The ruling last month initially raised the possibility that sales of the latest iPhone models could be blocked in the Chinese capital, Beijing. But a statement from Apple said the issue was put on hold pending a court review.

All models of the iPhone 6 are “available for sale in China,” said the company statement.

A ban on iPhone sales would appear highly unlikely. Apple’s smartphones are enormously popular with China’s fast-growing middle class, and the Chinese government would be unlikely to risk the backlash that such a move could provoke.

But the dispute marked the latest complication for the company in its largest market outside the United States. China halted Apple’s book and movie services in April for allegedly violating foreign publishing regulations.

The issue also underscores the growing concerns that many foreign companies have about doing business in China, with many feeling the playing field in increasingly tipped against them.

In a decision last month — but only made public recently — Beijing’s Intellectual Property Office found that the iPhone 6 and iPhone 6 Plus infringed on Shenzhen Baili’s patent rights because of similarities to its 100C phone, the Bloomberg news agency reported.

Baili is among many smartphone makers trying to compete against established brands such as Apple and Samsung. Apple is expected to release its next-generation iPhone later this year.

In 2013, state media accused Apple of shoddy customer service and inadequate warranties, forcing an apology from its top executive, Tim Cook.

Last month, Apple lost its fight to keep the “iPhone” exclusive to its products after a Beijing court ruled that a little-known accessories maker can use the label for a range of wallets and purses.

And in 2012, Apple paid $60 million to Proview International Holdings Ltd. to settle a dispute over the right to the iPad name in China, Bloomberg news reported.
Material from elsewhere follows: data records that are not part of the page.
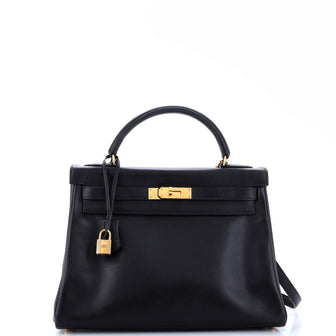 Hermes Kelly Handbag Black Gulliver with Gold Hardware 32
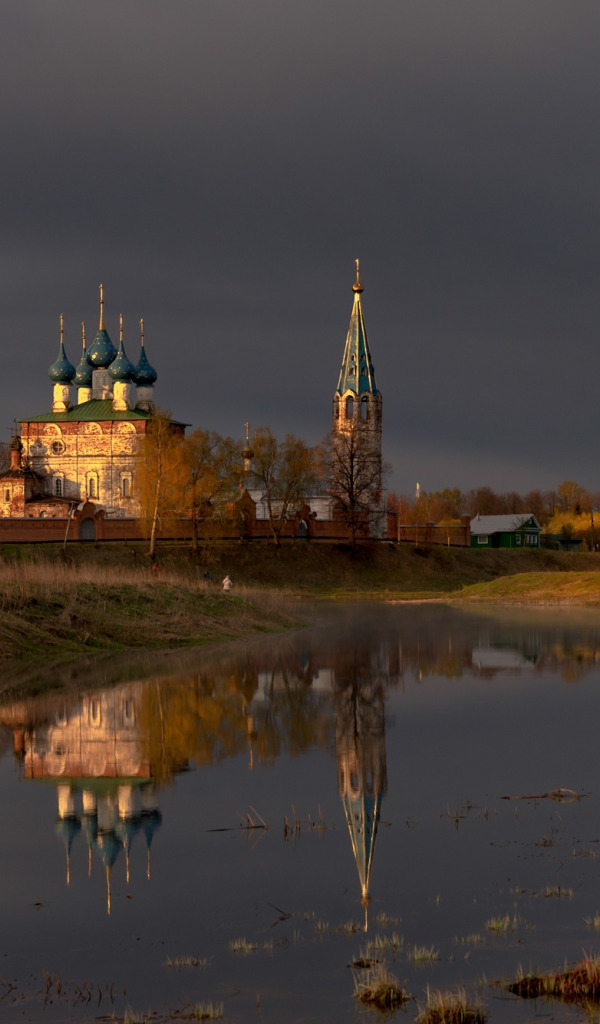 Пейзаж Россия храм река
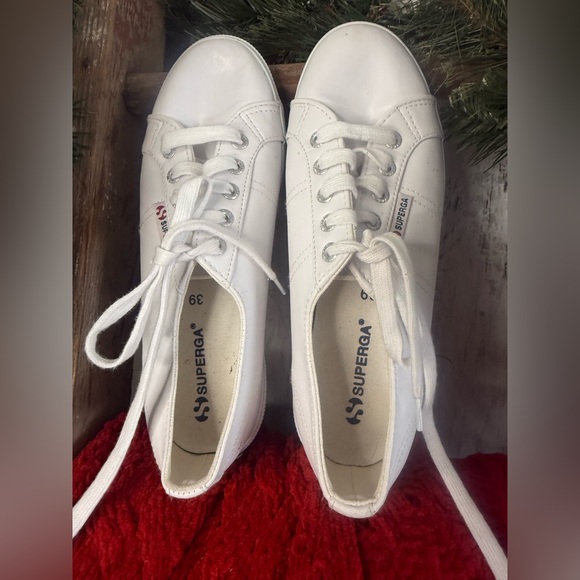 Superga Shoes - Superga Cotu Classic Women's Size 6 Shoes White Leather Casual Sneakers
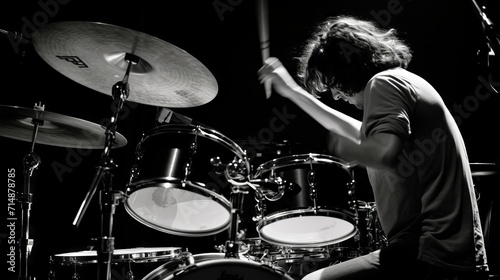 The drummer in black and white plays the drum kit with intense and dynamic movement, creating the feel of a classic musical performance.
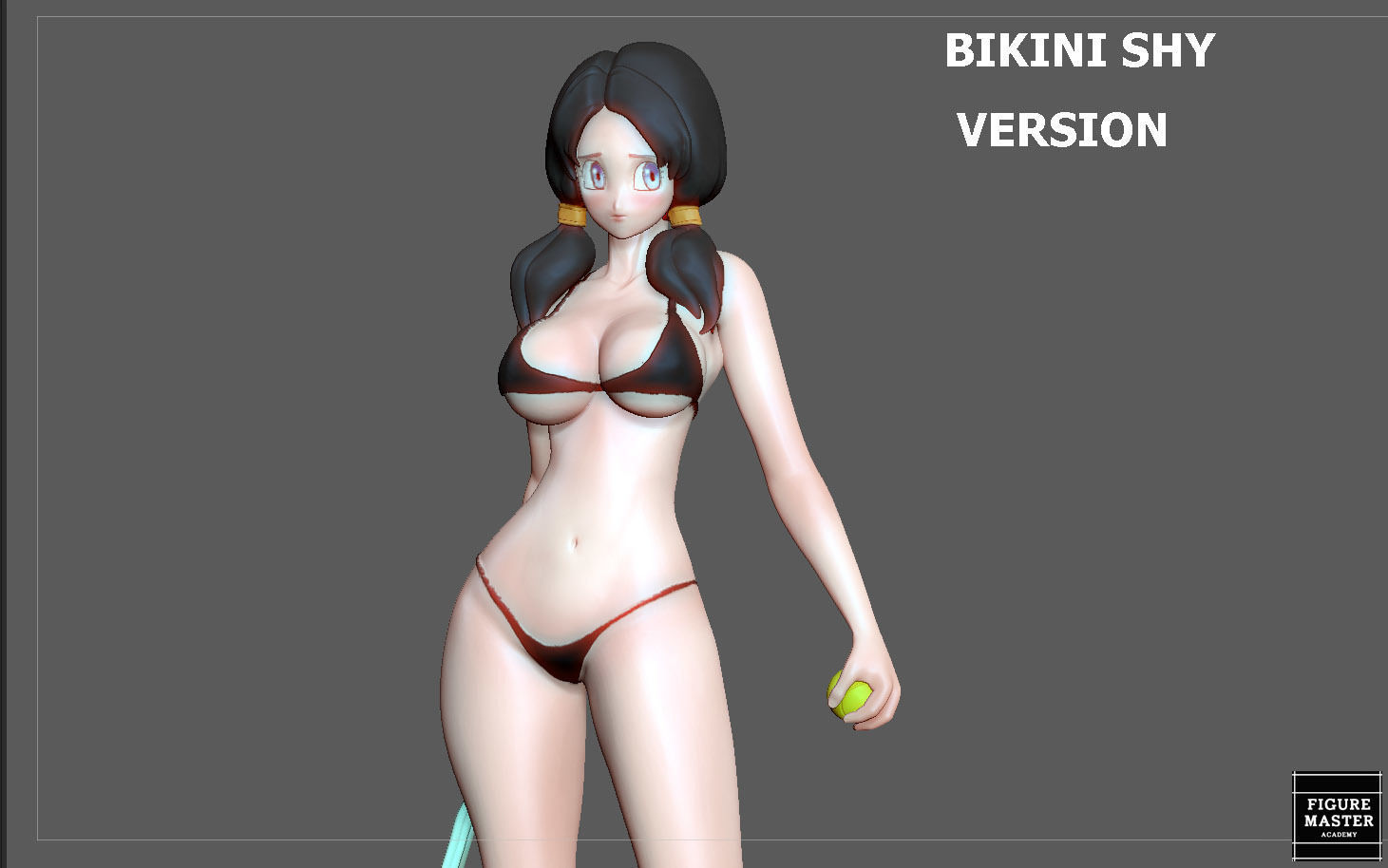 VIDEL TENNIS TRANING  DRAGONBALL CHARACTER ANIME STATUE MODEL 3D print model_31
Apple’s sales have slowed in line with China’s overall economic slowdown and in the face of stiff competition. In the first quarter of this year, revenue in Greater China, which includes Hong Kong and Taiwan, fell 26 percent to $12.5 billion.

In May, Apple announced that it had invested $1 billion in China’s most dominant ride-hailing company, Didi Chuxing, in a move widely seen as aimed at giving it a stronger economic and political foothold in China.